指導に従わないなどの悪質な違反者に対しては、農林水産大臣が指示に従うよう命令(裏付け命令)をし、その命令に従わなかった場合、罰則(1年以下の懲役、50万円以下の罰金等)が適用される。(漁業法第191条)
クロマグロ規制の歴史
クロマグロについては、日本が加盟する中西部太平洋まぐろ類委員会(WCPFC)が15年から資源保護の観点で各国・地域に対して漁獲量規制を導入しており、これを受け漁業者に対しては厳しい規制が行われてきた。

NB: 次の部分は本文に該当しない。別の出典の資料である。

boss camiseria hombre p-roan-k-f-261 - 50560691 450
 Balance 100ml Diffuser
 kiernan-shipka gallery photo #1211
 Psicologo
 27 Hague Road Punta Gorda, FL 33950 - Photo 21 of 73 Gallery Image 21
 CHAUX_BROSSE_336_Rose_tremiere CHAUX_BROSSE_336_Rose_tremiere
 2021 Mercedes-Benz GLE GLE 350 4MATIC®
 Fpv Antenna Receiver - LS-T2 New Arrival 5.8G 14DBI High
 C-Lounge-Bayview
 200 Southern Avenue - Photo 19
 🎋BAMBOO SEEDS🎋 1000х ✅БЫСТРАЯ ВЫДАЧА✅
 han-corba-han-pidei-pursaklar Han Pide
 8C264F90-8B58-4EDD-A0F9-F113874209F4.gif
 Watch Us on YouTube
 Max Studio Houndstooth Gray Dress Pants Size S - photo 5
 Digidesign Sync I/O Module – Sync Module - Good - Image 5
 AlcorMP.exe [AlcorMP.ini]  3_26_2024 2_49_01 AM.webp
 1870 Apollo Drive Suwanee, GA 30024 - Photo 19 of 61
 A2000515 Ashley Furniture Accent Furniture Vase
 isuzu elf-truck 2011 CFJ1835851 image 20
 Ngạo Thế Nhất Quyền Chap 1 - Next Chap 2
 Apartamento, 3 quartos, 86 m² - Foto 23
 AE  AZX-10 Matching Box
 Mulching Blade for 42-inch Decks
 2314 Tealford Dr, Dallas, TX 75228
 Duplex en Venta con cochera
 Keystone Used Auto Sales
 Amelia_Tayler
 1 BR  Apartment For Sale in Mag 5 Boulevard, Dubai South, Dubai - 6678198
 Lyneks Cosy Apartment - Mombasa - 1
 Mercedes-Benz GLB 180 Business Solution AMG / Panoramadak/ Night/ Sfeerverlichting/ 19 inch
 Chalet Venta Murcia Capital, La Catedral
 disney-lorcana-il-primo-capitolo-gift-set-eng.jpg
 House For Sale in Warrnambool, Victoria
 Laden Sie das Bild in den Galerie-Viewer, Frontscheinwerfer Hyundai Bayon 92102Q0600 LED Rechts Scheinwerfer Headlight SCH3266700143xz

一方、これまで緩やかな協力要請がされていた遊漁に関しては、21年6月からクロマグロ小型魚(30kg未満)の採捕が禁止になったのに続いての禁止措置で、今期の4分の1に満たない期間での打ち止めに遊漁者からは不満の声も上がっているとのこと。
今回の規制の背景
規制の背景を水産庁の担当者にヒアリングしたところ、今期、遊漁に充当可能な漁獲量は20t程度を想定しており、これは前年の遊漁船へのアンケートなどを元に設定された数字だそう。ちなみに、昨年は10.2tほどの漁獲があったと報告されたそうで、これにプレジャーボートでの漁獲を加味したのが、この20tという数字だ。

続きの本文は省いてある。